Web site offers insider's look at pride of TA's gay scene

Gay Tel Aviv Guide, www.gaytlvguide.com, went live a few weeks ago to coincide with Pride Month in Tel Aviv.

Gay pride colorful 248.88 (photo credit: Courtesy)
Gay pride colorful 248.88
(photo credit: Courtesy)
A new travel Web site launched by three Israelis offers a glimpse of - and guide to - Tel Aviv's gay hot spots. Gay Tel Aviv Guide, www.gaytlvguide.com, went live a few weeks ago to coincide with Pride Month in Tel Aviv. It features information about gay culture in Israel, as well as advice about accommodations and nightlife. Illustrated with photos of a couple embracing and two bathing suit-clad men at the beach, the guide's content ranges from essays on gay rights in Israel to what time club-goers typically go out at night. The site is the brainchild of Ron Shoshani and two of his friends, self-described computer nerds who work in high-tech by day and built the site on their own time. The trio began working on the site last year, after friends from abroad visited Israel armed with outdated maps and guides to Tel Aviv's gay hot spots. "I found myself saying, 'You should go here and you should go there,'" Shoshani recalled. "We realized there's no good Web site with resources and good information about gay Tel Aviv." Written in English, the site is geared toward tourists and Shoshani said it was a conscious decision not to include gay cafes and restaurants in the guide. Tel Aviv as a city is open and gay-friendly, he said, so "there's no need for that." The site also devotes space to a discussion of gay rights in Israel, particularly because the matter has been an issue for the religious right-wing, particularly in Jerusalem. Shoshani stressed that the guide does not discuss specific points of friction - such as pride parades in Jerusalem - but offers an overview of rights afforded to gay Israelis. "We show what we think is so beautiful and special about Israel and let everyone else decide," he said. "The ones who like it, like it. The ones who don't, that's their problem." "We try to show what being gay in Israel is all about," Shoshani said, pointing out that Israel's treatment of gays is different than in nearby countries.

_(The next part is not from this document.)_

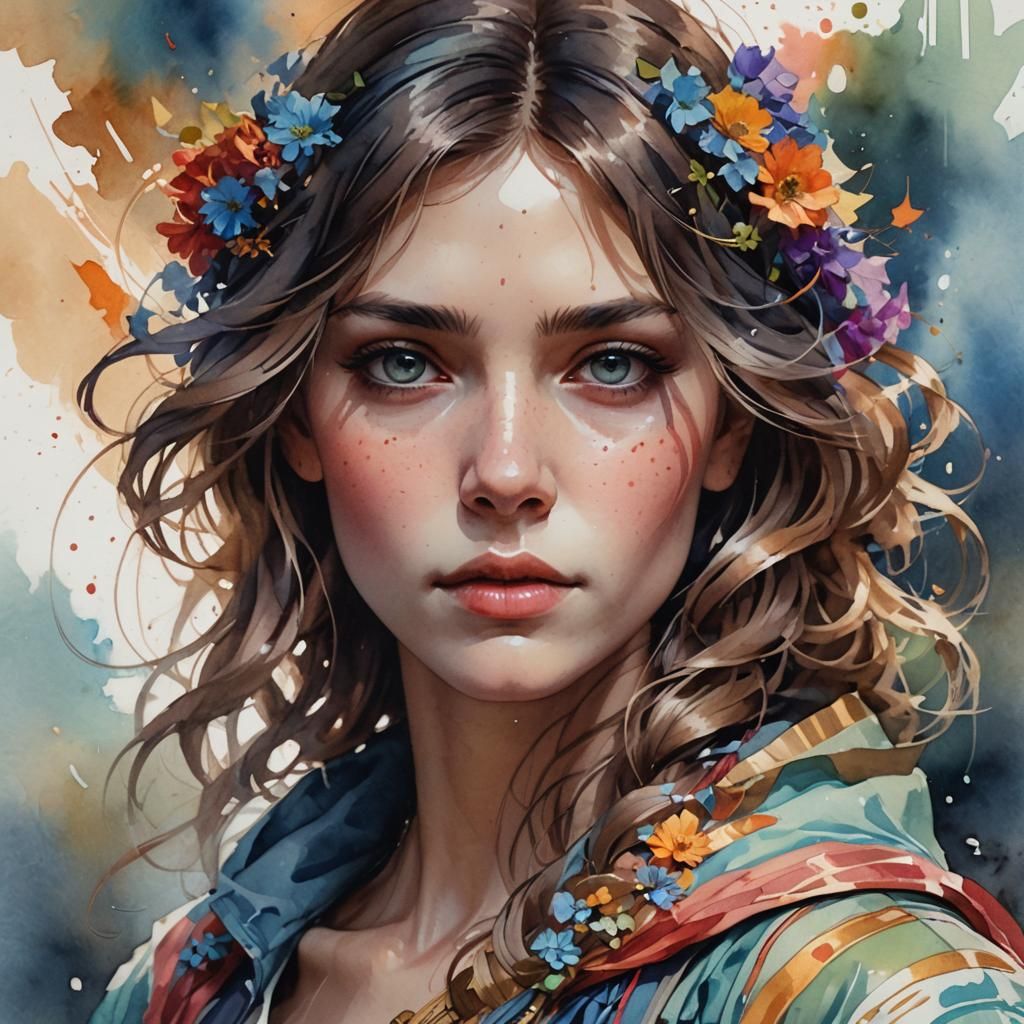 Hyperdetailed Watercolour Portrait in 8k Resolution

For example, he said, being gay in the Israeli army is not problematic, but homosexuality in the Turkish army is an issue. "There are countries that are more advanced than Israel, let's say Canada," he said. "Israel is somewhere above the average." So far, the site has gotten hits from browsers in 121 countries, Shoshani said, even one from Iran. "Which was, you know," he said, "quite surprising."